● **Exercise**
Extract the lines from the first one in the records below through the line containing "Handmade lampwork bead", keeping both ends and leaving out any pictures.

§

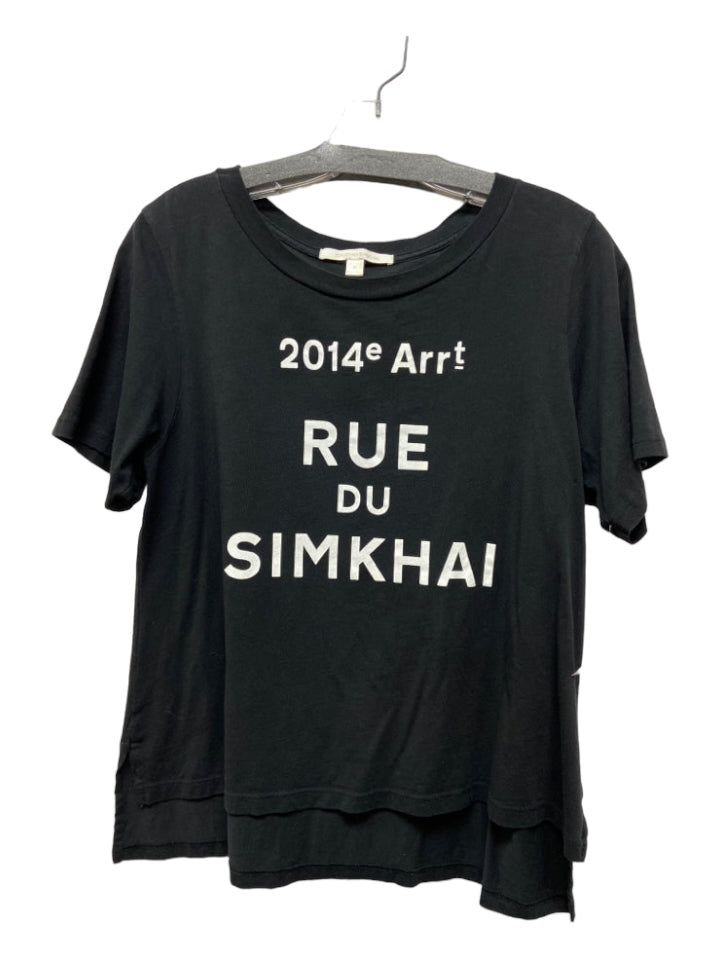 Jonathan Simkhai, Jonathan Simkhai Size Medium Black & White Pima Cotton Graphic Short Sleeve Top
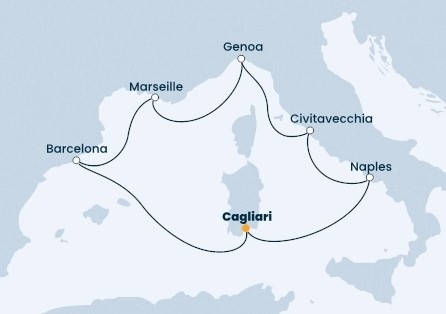 MEDITERRANEO, Italia, Francia, Spagna, partenza da Cagliari 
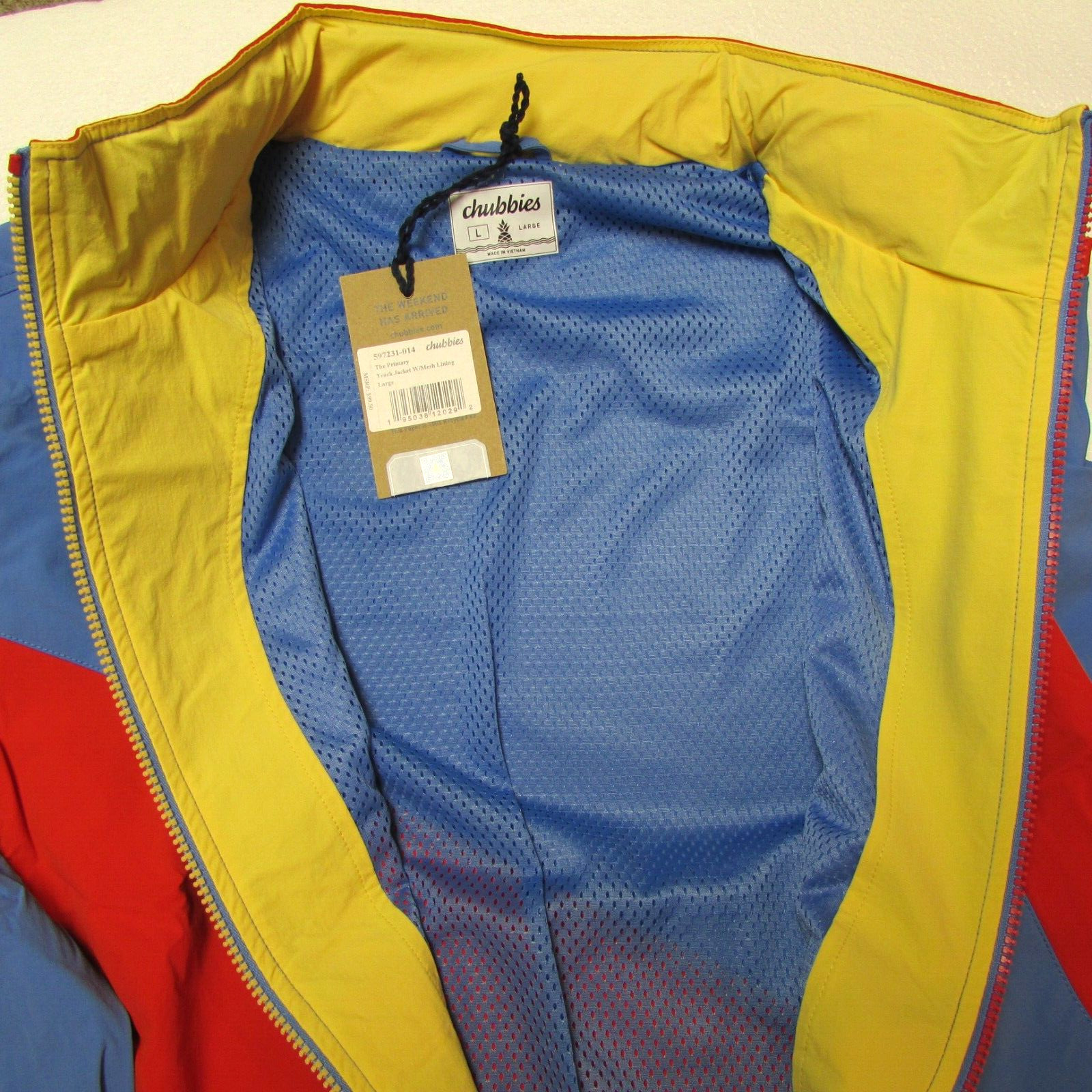 NEW Chubbies Men’s Spring Fall Windbreaker Multicolor Track Jacket 90s Look LGE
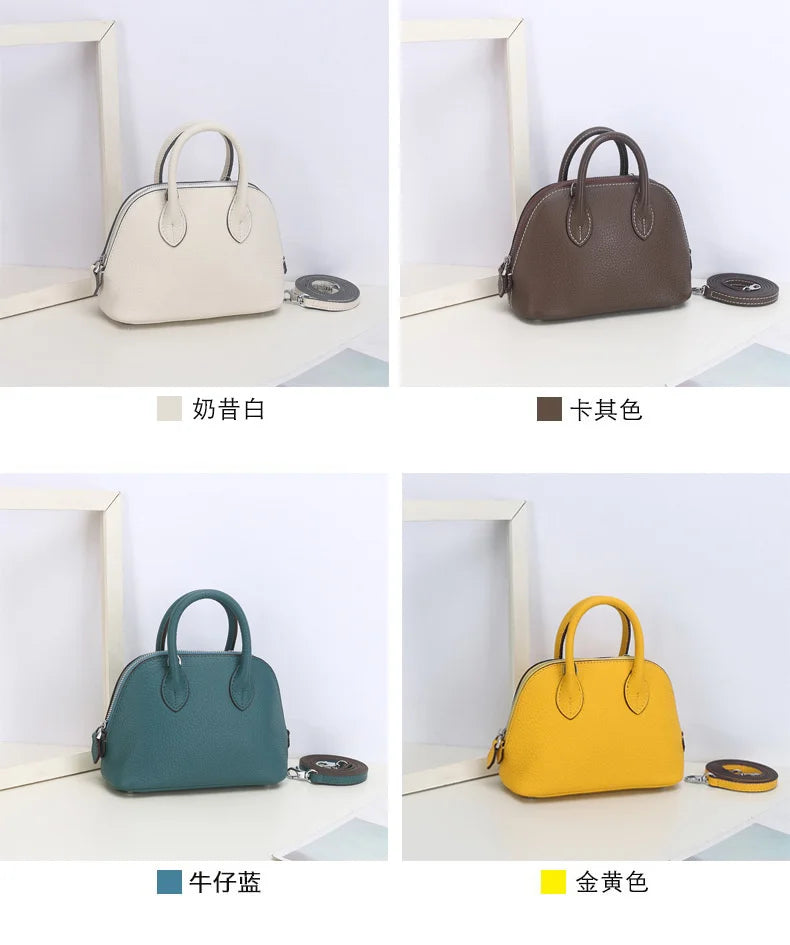Shell Bag Women's Messenger Bag | Cow Leather Simple Shoulder Bag & Fashion Ladies Classic Handbag (Small Mobile Phone Crossbody Bag)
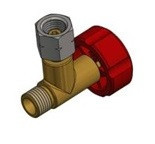 90° gas tap for connection to regulator with left-hand thread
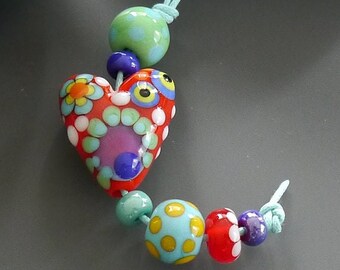 Handmade lampwork bead set |  set | heart | SRA  |  artisan glass |  Silke Buechler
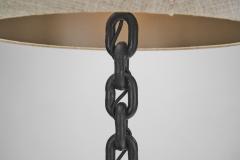 Wrought Iron Table Lamp with Chain Links France 1960s - 3227805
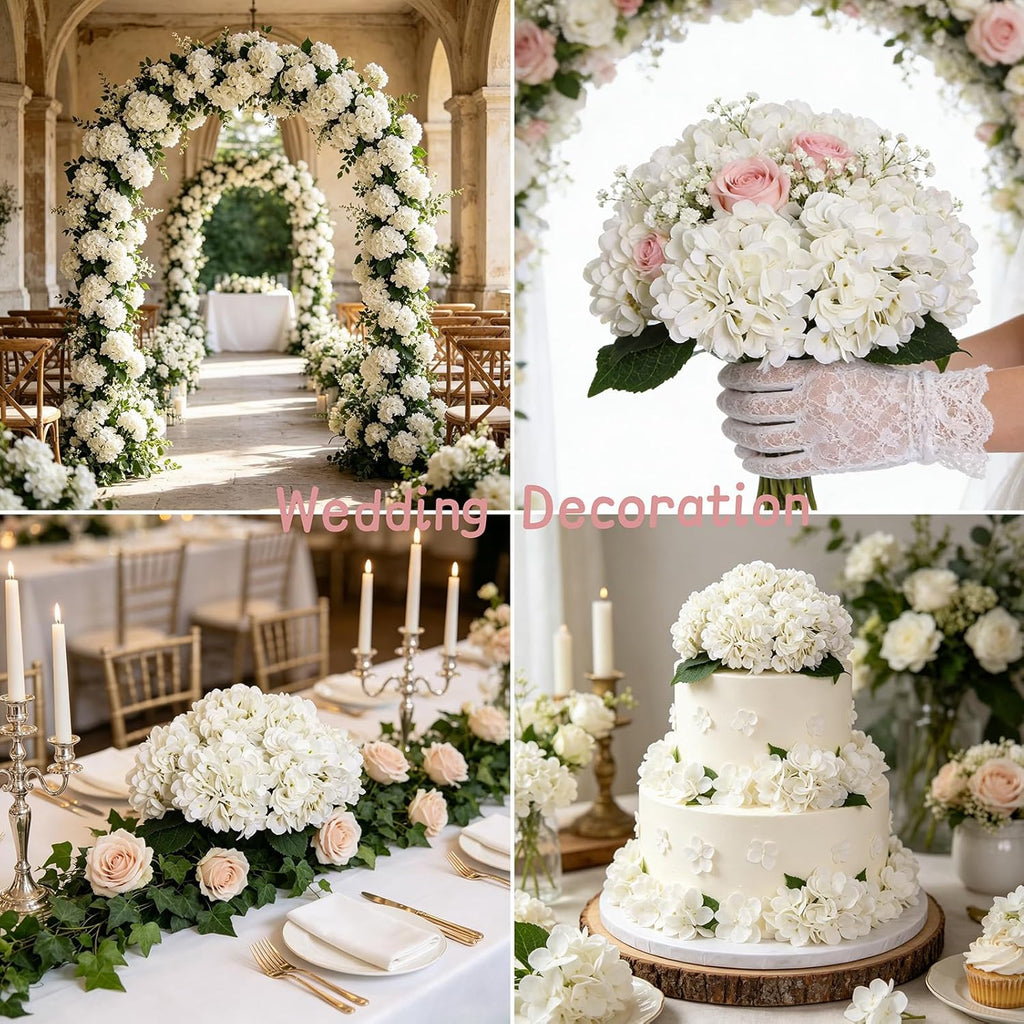 White Hydrangea Artificial Flowers Silk Fake Hydrangeas - Set of 6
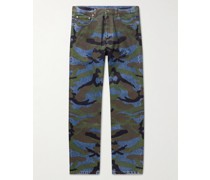 Straight-Leg Camouflage-Print Jeans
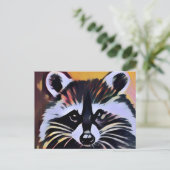 Whimsical Raccoon - een Natuur geïnspireerd design Briefkaart (Staand voorkant)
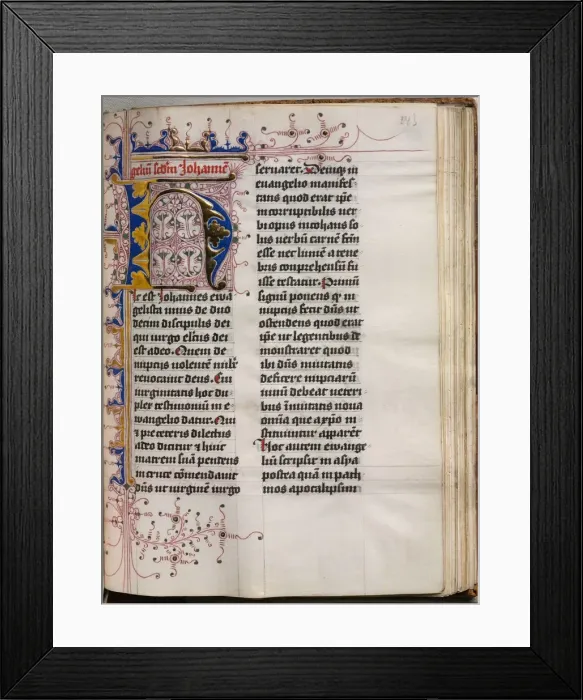 Framed Print : Gospel Book with Evangelist Portraits: Decorated Initial, c. 1480. Creator: Hausbuch Master Framed Print : Gospel Book with Evangelist Portraits: Decorated Initial, c. 1480. Creator: Hausbuch Master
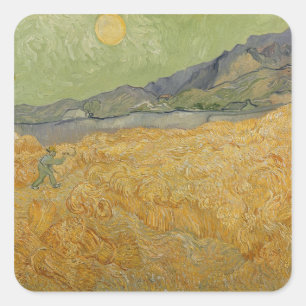 Vincent van Gogh   Wheatfield met Reaper, 1889 Vierkante Sticker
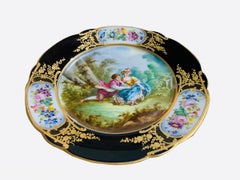 Assiette d'armoire de style Sèvres peinte à la main, château de Tuileries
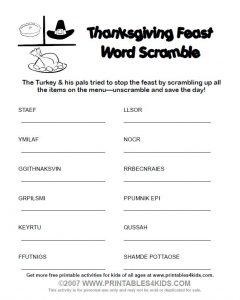 Thanksgiving Feast Word Scramble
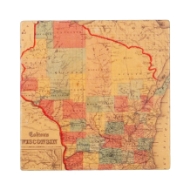 Square marble coaster with color image of historic 1861 map of Wisconsin printed on it.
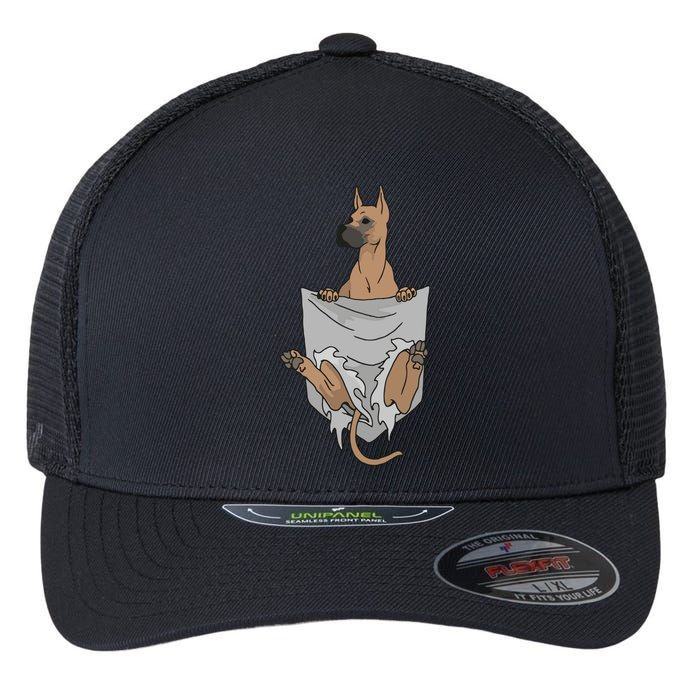 Great Dane Pocket Funny Great Dane Flexfit Unipanel Trucker Cap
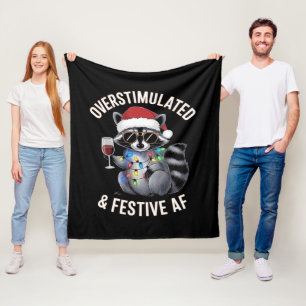 Overstimulated & Festive AF Raccoon Espresso Lover Fleece Blanket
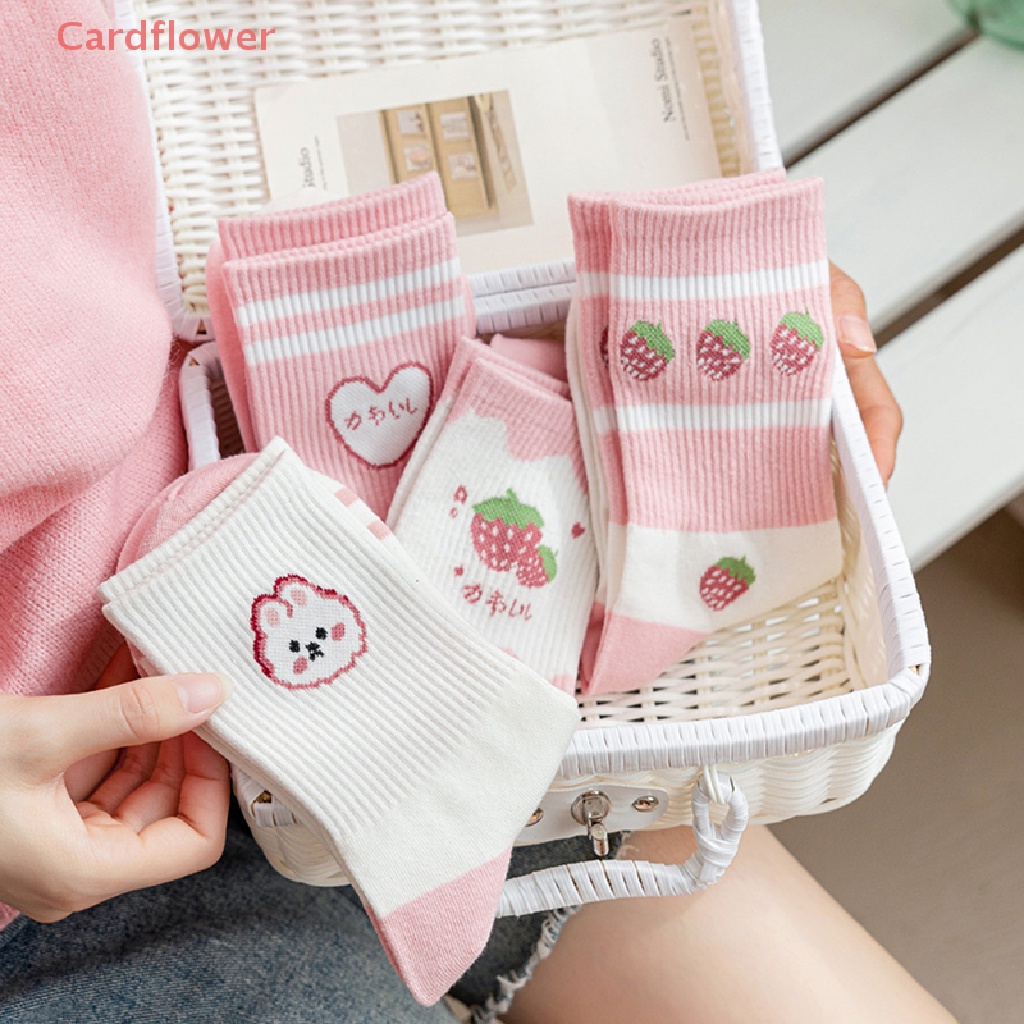 &lt; Cardflower &gt; Mới Vớ Cotton Cổ Vừa In Họa Tiết Dâu Tây Màu Hồng Ngọt Ngào Thời Trang Cho Nữ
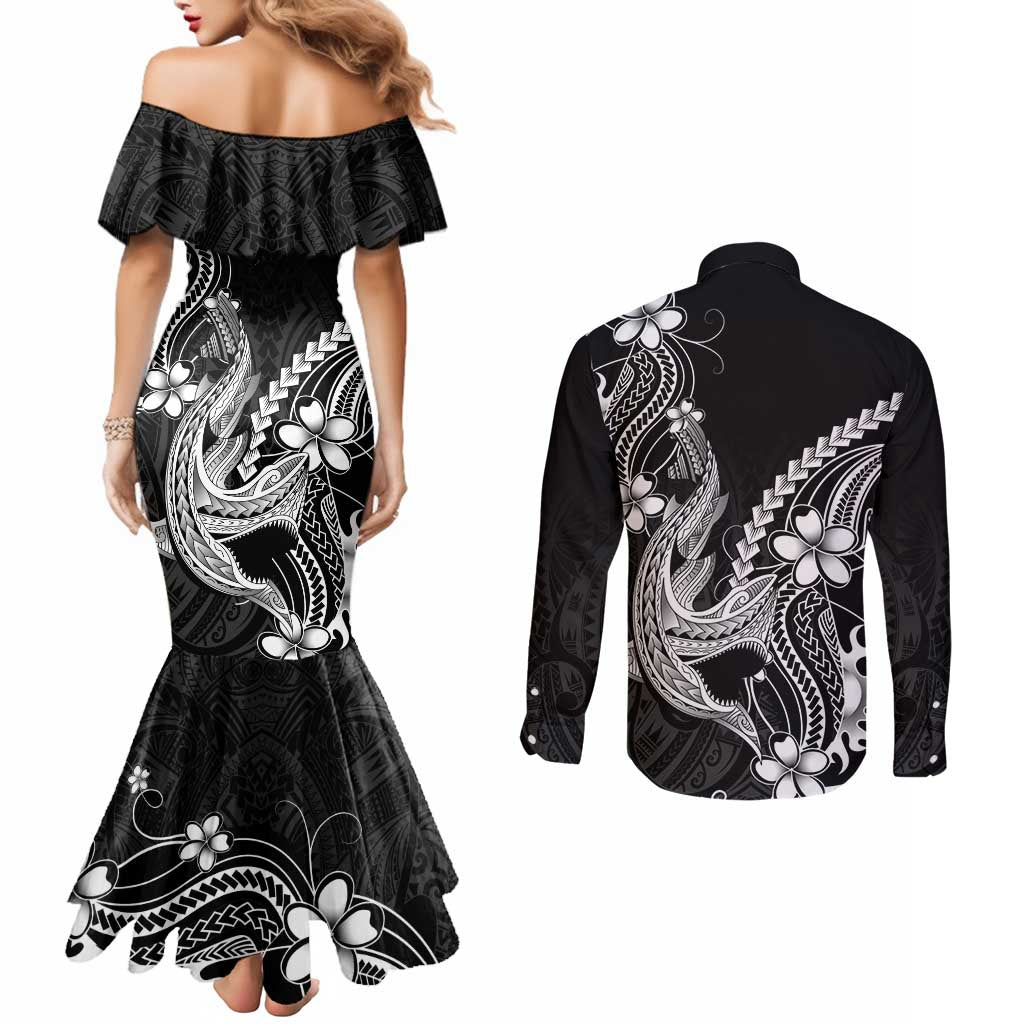 Black Aloha Hawaii Couples Matching Mermaid Dress and Long Sleeve Button Shirt Polynesian Shark Tattoo With Plumeria - Polynesian Pride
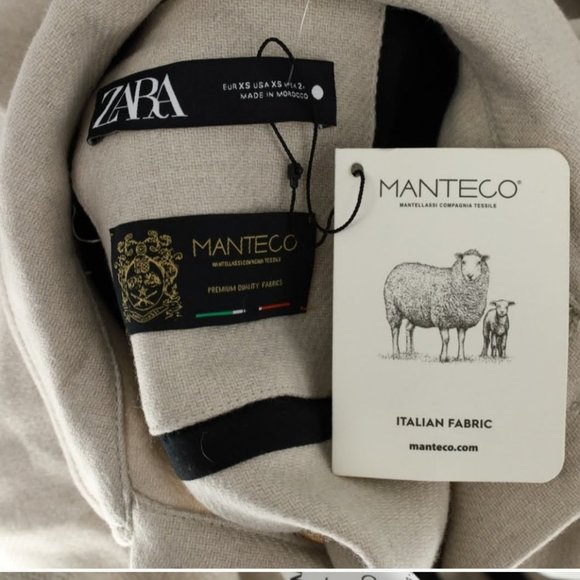 New Zara Oversized Manteco Wool Blend Overshirt Jacket Shacket In Stone NWT Sz L - Picture 4 of 9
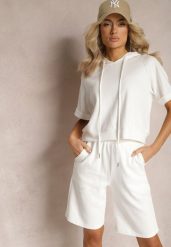 Biały Komplet Dresowy Bluza z Kapturem i Krótkimi Rękawami oraz Szorty Choana. Białe bluzy damskie Renee, l, bez wzorów, z dresówki, z kapturem. Za 99.99 zł.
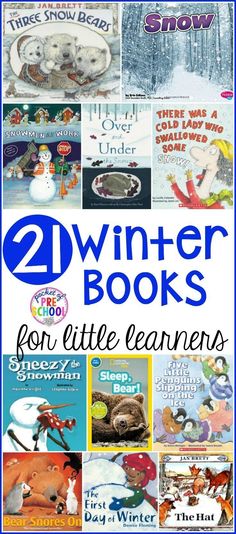 20 winter books for little learners with the title overlay that reads, 25 winter books for little learning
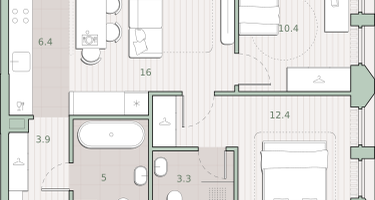 2-к. квартира, 57&nbsp;м²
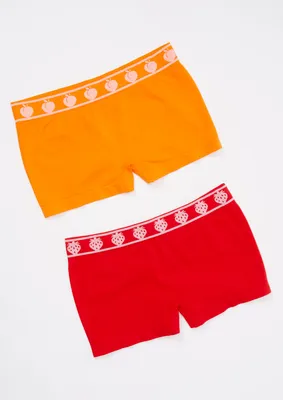 2-Pack Solid Red Strawberry Weed Leaf Seamless Boy Shorts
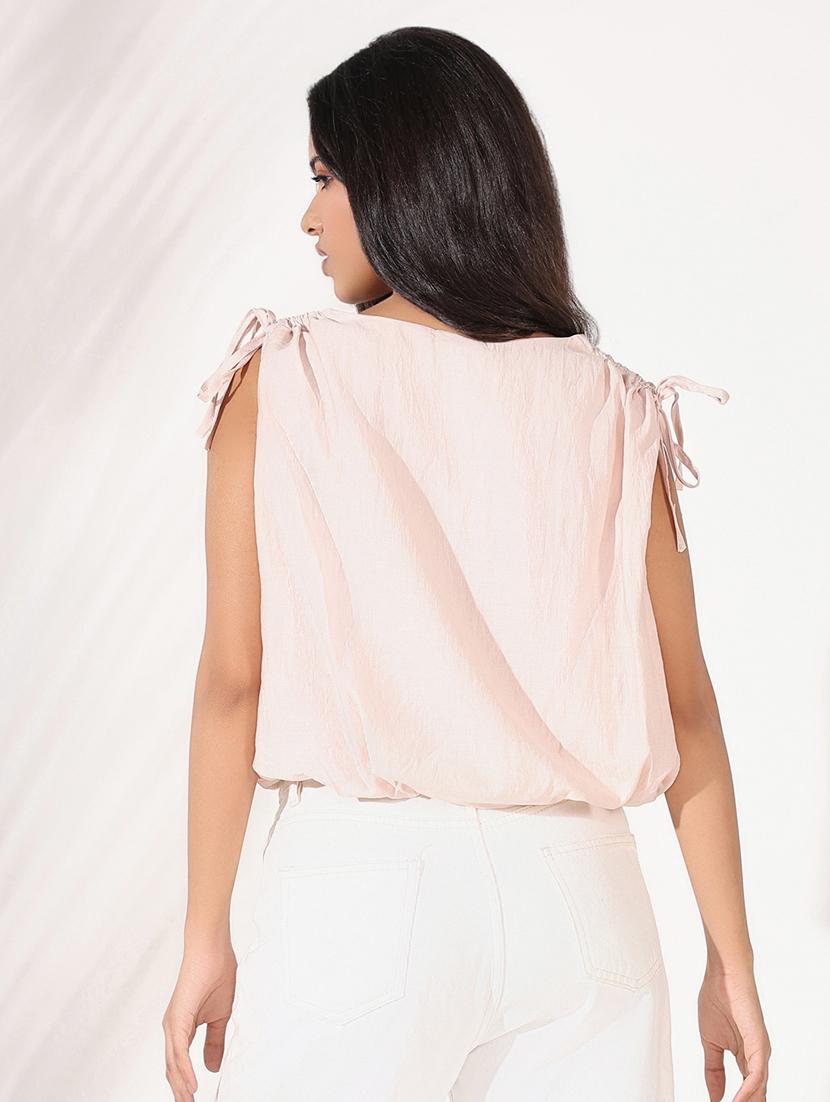 women solid sleeveless blouson top - 21661777 - Standard Image - 3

§

● **Problem solution**
 Jonathan Simkhai, Jonathan Simkhai Size Medium Black & White Pima Cotton Graphic Short Sleeve Top
 MEDITERRANEO, Italia, Francia, Spagna, partenza da Cagliari 
 NEW Chubbies Men’s Spring Fall Windbreaker Multicolor Track Jacket 90s Look LGE
Shell Bag Women's Messenger Bag | Cow Leather Simple Shoulder Bag & Fashion Ladies Classic Handbag (Small Mobile Phone Crossbody Bag)
 90° gas tap for connection to regulator with left-hand thread
 Handmade lampwork bead set |  set | heart | SRA  |  artisan glass |  Silke Buechler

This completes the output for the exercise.